"Encore beaucoup de choses à surmonter"

L'informateur Bart De Wever a poursuivi mercredi ses consultations en recevant les représentants des syndicats chrétien, socialiste et libéral. La CSC et la FGTB ont remis à Bart De Wever un mémorandum commun en neuf points intitulé "Pour la solidarité-contre l'inégalité croissante".

Une politique de relance par l'emploi figure au coeur de leurs revendications et, à leurs yeux, un assainissement des finances publiques doit passer d'abord par de nouvelles recettes perçues auprès de "ceux qui ont été le plus ménagés jusqu'à présent". Ils préconisent à ce titre une fiscalité plus forte sur les fortunes et les plus-values.

En matière de réforme de l'Etat, les deux syndicats accordent la priorité au refinancement de l'Etat fédéral, qui devra supporter l'essentiel du coût du vieillissement de la population. Ils ont aussi rappelé leur attachement au caractère fédéral de la sécurité sociale, du droit du travail et de la concertation sociale.
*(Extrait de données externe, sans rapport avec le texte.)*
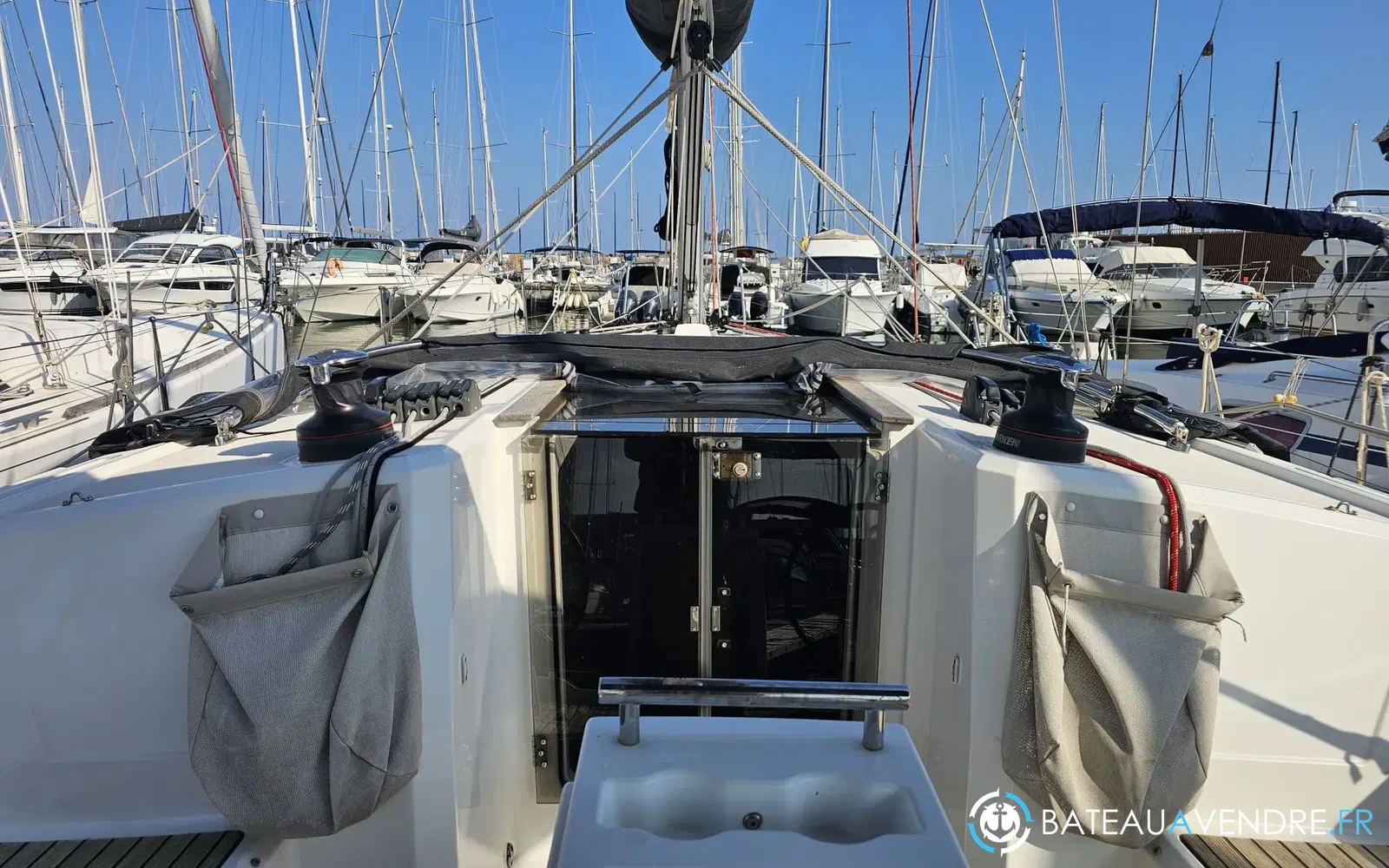 slider 4 Beneteau Oceanis 38.1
"Il y a une crise dans ce pays. La sécurité sociale a prouvé son efficacité et elle a permis de freiner la crise sociale. Une sécurité sociale organisée au fédéral, c'est un système efficace et nous ne voulons pas qu'on y touche", a souligné le président de la FGTB, Rudy De Leeuw.
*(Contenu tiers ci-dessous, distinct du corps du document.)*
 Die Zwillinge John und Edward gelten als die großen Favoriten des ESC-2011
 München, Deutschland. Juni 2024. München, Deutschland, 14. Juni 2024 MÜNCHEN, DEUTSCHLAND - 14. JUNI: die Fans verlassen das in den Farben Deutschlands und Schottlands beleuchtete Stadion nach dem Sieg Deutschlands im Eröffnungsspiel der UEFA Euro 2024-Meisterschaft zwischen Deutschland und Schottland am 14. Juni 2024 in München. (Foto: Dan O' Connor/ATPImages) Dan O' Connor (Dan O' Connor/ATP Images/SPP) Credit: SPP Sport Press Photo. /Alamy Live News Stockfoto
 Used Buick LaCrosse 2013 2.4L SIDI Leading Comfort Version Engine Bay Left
"C'est un système qui marche bien et je ne vois pas beaucoup de possibilités de le changer", a dit pour sa part le président de la CSC, Luc Cortebeeck.

En matière fiscale, les syndicats s'opposent à un dumping fiscal par une autonomie des Régions dans le domaine de l'impôt des sociétés.

La politique de l'emploi est régulièrement citée comme l'une des matières qui pourrait faire l'objet d'une régionalisation plus poussée. "Il y a des possibilités", a concédé Luc Cortebeeck qui s'est toutefois montré très prudent: « les Régions ont déjà reçu beaucoup de compétences dans ce domaine et il n'est pas question pour lui de toucher au caractère fédéral d'une série d'éléments comme l'Onem ou tout ce qui relève de la sécurité sociale ».

La N-VA et la FGTB n'ont jamais été sur la même longueur d'ondes. Lors du 1er mai, Rudy De Leeuw avait mis en garde contre le profit que le séparatistes tireraient de la crise.

Manifestement, leurs points de vue demeurent éloignés. "Les différences sont encore très grandes et la solution n'est pas encore pour demain", a souligné Rudy De Leeuw à l'issue de l'entrevue.

Avant les élections, Luc Cortebeeck avait quant à lui lancé un appel à voter pour des partis responsables. Selon certains médias, il s'en prenait en fait à la N-VA, interprétation que la CSC s'était empressé de rectifier.

"A la CSC, on a toujours jugé un gouvernement sur ses actes", a ajouté mercredi Luc Cortebeeck.

L'informateur Bart De Wever poursuivra ses consultations jeudi en recevant plusieurs présidents de parti.